People v. Woods, 61 Ill. App. 3d 676 (1978)

July 5, 1978 · Illinois Appellate Court · No. 76-176
61 Ill. App. 3d 676

THE PEOPLE OF THE STATE OF ILLINOIS, Plaintiff-Appellee, v. ANDRE P. WOODS, Defendant-Appellant.

Fifth District

No. 76-176

Opinion filed July 5, 1978.

*677Michael J. Rosborough and Randy E. Blue, both of State Appellate Defender’s Office, of Mt. Vernon, for appellant.

Clyde L. Kuehn, State’s Attorney, of Belleville (Bruce D. Irish and Martin N. Ashley, both of State’s Attorneys Appellate Service Commission, of counsel), for the People.

Mr. JUSTICE JONES

delivered the opinion of the court:

Defendant, Andre P. Woods, was indicted for the offenses of attempt (murder) and attempt (armed robbery). Following a jury trial in the circuit court of St. Clair County, the jury returned guilty verdicts on both charges. The court imposed sentence solely upon the attempt (murder) verdict, the sentence being a penitentiary term of from four to 10 years.

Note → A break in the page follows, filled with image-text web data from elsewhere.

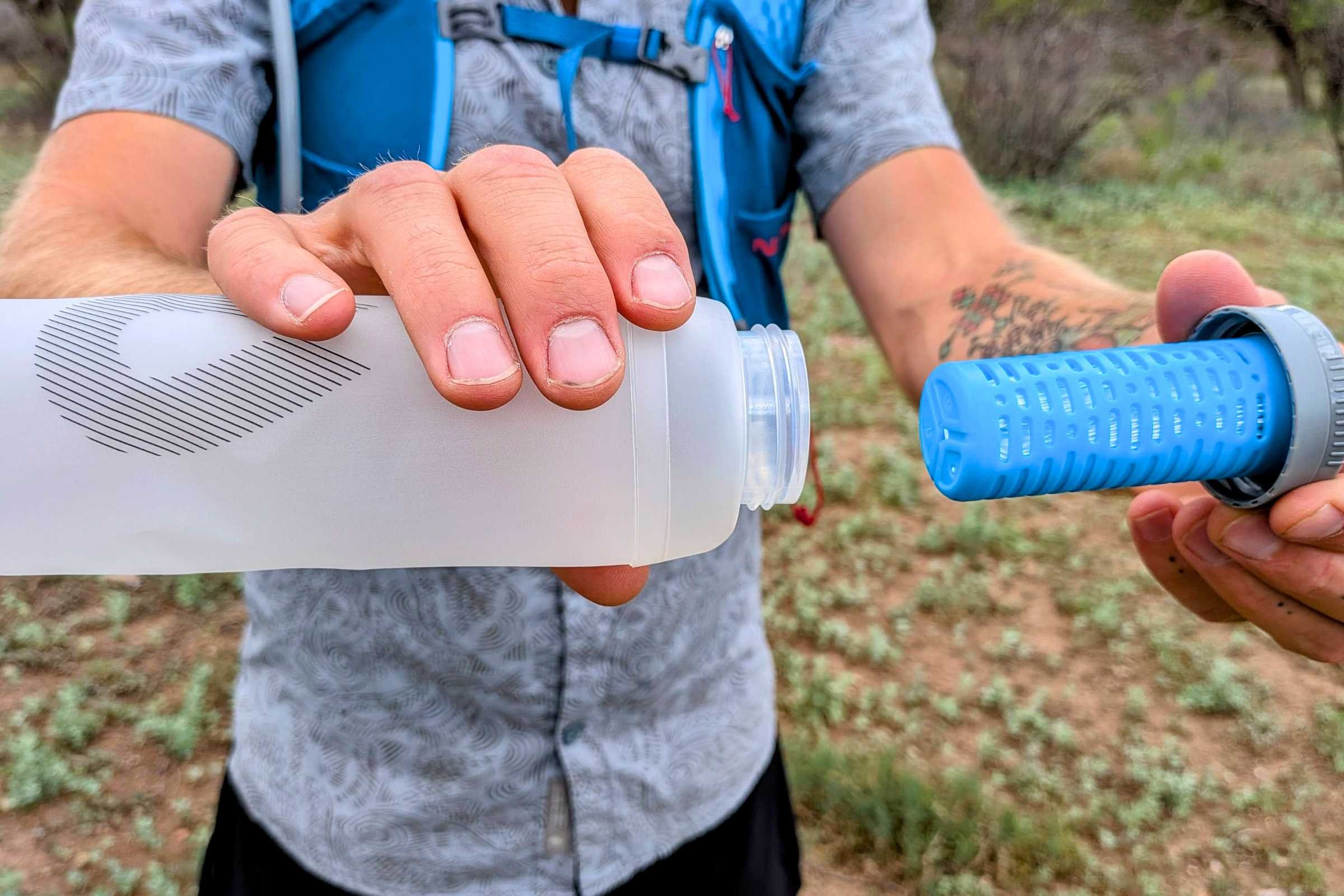   A close-up of the HydraPak UltraFlask+ and its removable filter cap.  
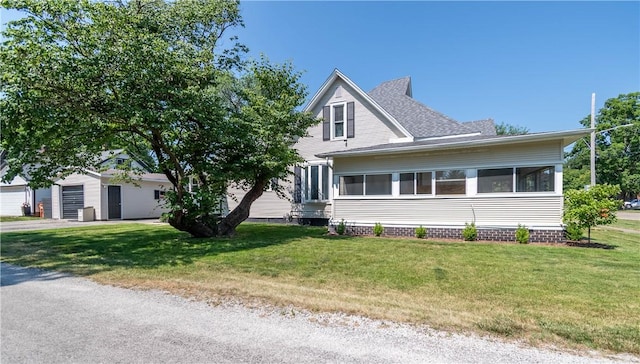 503 W Harrison St, Sullivan, IL 61951 - view of front facade featuring a front lawn, a garage, and roof with shingles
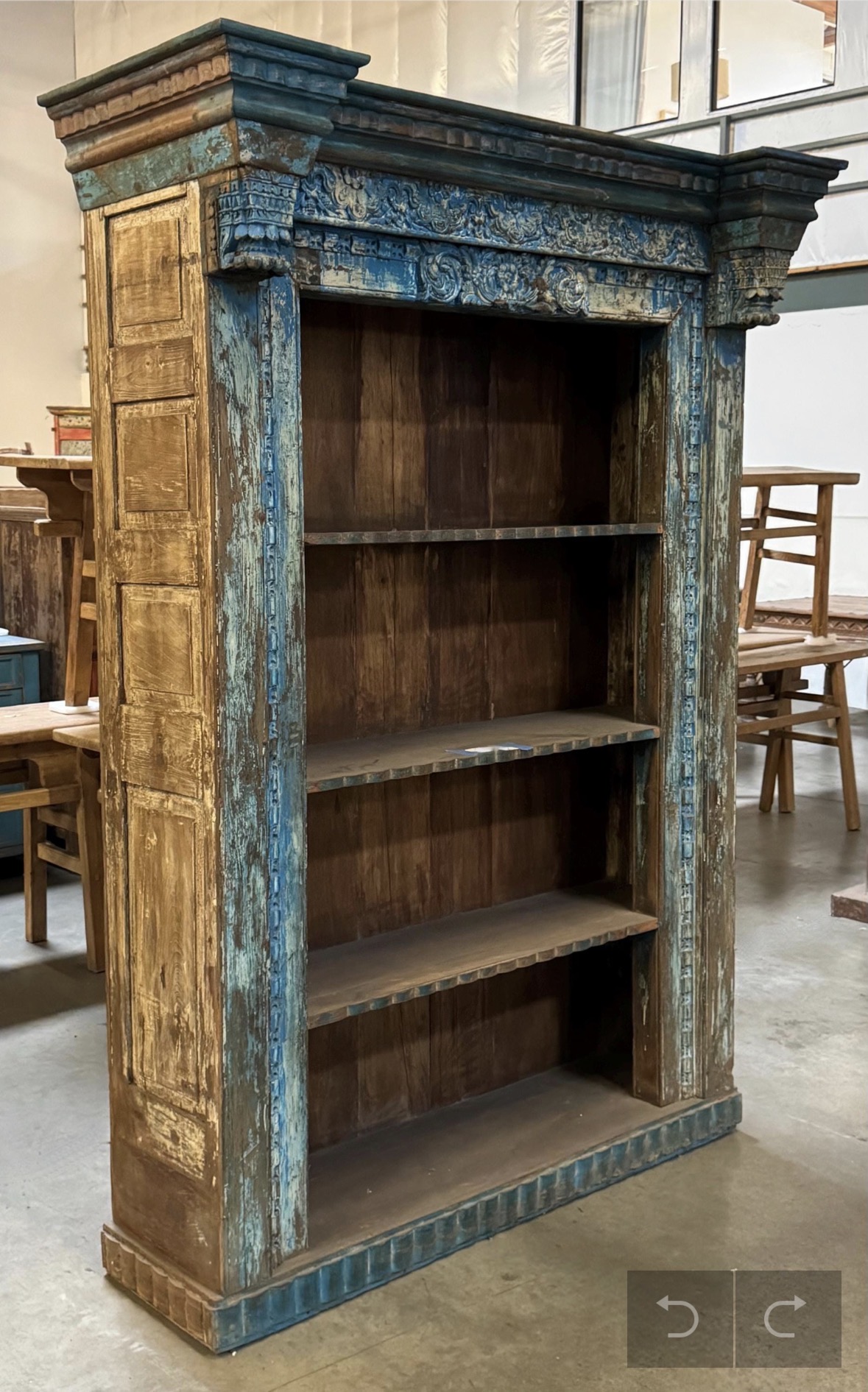 Large Blue Vintage Bookshelf with 3 shelves with decor overhang on top, left side view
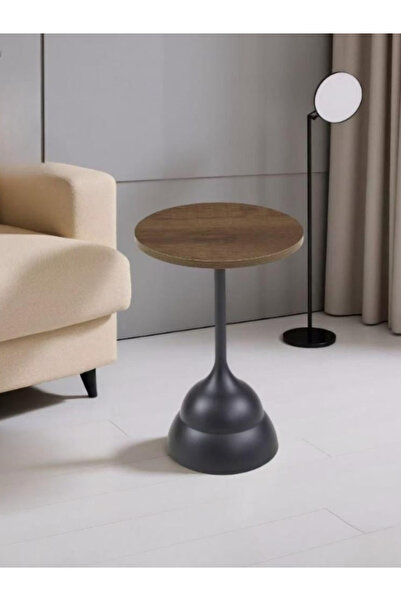 BEC30 A round serving table with a unique, streamlined design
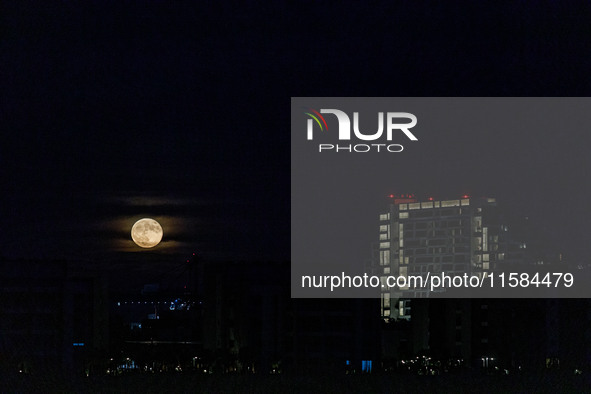 The Harvest Moon rises behind the casino, hotel, and resort, City Of Dreams, in Limassol, Cyprus, on September 18, 2024. The term ''harvest...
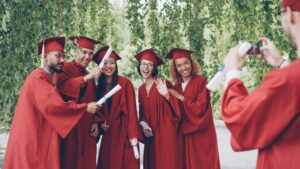 Graduating Highschool students in their red graduation robes. Associates Degree in Business Administration is a path way for students to avoid burnout and increase their ROI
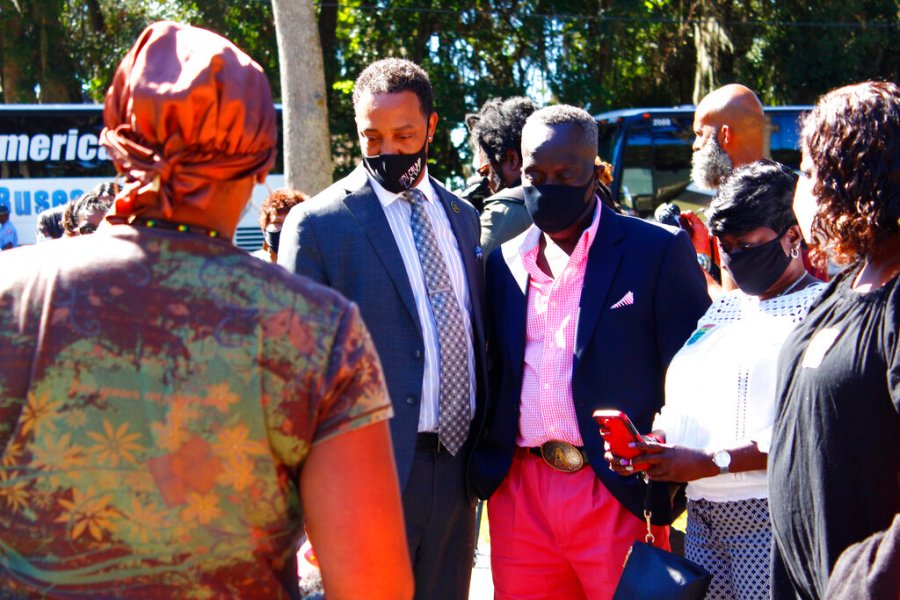 Marcus Arbery stands between a representative of the Transformative Justice Coalition and a community member October 2021 overlooking the stretch of pavement where his son, Ahmaud Arbery, was killed. (Asia Burns/The Atlanta Journal-Constitution via AP)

The defendant raises the following issue on appeal: whether the trial *678court erred in not reversing the attempt (murder) conviction when it specifically found that the evidence proved that the defendant did not fire the shot.

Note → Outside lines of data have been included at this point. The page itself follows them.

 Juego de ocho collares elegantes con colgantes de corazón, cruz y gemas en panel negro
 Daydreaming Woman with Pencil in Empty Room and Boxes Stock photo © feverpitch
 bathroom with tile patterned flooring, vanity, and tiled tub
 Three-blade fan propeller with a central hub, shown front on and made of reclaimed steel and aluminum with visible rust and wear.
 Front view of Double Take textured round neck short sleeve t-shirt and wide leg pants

Also in this appeal, the State argues that we must remand this cause to the trial court for the imposition of a judgment and sentence upon the jury’s verdict of guilty of the attempt (armed robbery) offense.

This cause involves an incident which occurred at the Vaughn Service Station in Washington Park, Illinois, on August 28, 1975. Two extremely different versions emerged from the testimony of the State’s witnesses and the defendant.

According to the testimony of State’s witnesses Thomas Angle, Tim Vaughn, and Daniel Vaughn, employees at the station owned by Ray Vaughn, the defendant entered the office area of the station at approximately 2:50 p.m. He thereafter pulled out a small caliber gun and said, “You know what it is, motherfuckers. Hit the floor.” The gun was positively identified as People’s Exhibit No. 6, a .25 caliber Colt automatic. When Dan Vaughn took longer to get onto the floor than the others, the defendant struck him on the head with his gun, causing him to bleed. At this point, the defendant became aware of the fact that Ray Vaughn was working in the garage area. He then went into that area. After he did so, Tim and Dan armed themselves with handguns which were kept in the office. Tim got a .25 caliber pistol and Dan, a .38 caliber revolver. Tom Angle left the station to summon the police, and Tim and Dan entered the garage area. Dan was in the lead by about 10 feet as they approached the rear of the garage where a scuffle was in progress in the storage room between the defendant and Ray Vaughn.

The defendant and Vaughn emerged from the room. Mr. Vaughn had a hold upon defendant which pinioned defendant on his back but left the defendant’s hands free. The defendant, still wielding his handgun, shouted at Dan either, “Drop your gun or I will kill him” or “I’m going to kill him.” Tim and Dan heard a shot from defendant’s gun. Ray Vaughn exclaimed that he had been shot and stumbled to the ground. The Vaughns then opened fire on defendant. Tim’s gun jammed after one shot, but Dan believed he fired all five shots which his revolver held.

The defendant was wounded and collapsed to the floor. Since he still held his gun, Ray Vaughn, who was also on the floor, grabbed a nearby hammer and struck defendant until Dan was able to take his gun away and place it on a workbench. The police arrived shortly thereafter.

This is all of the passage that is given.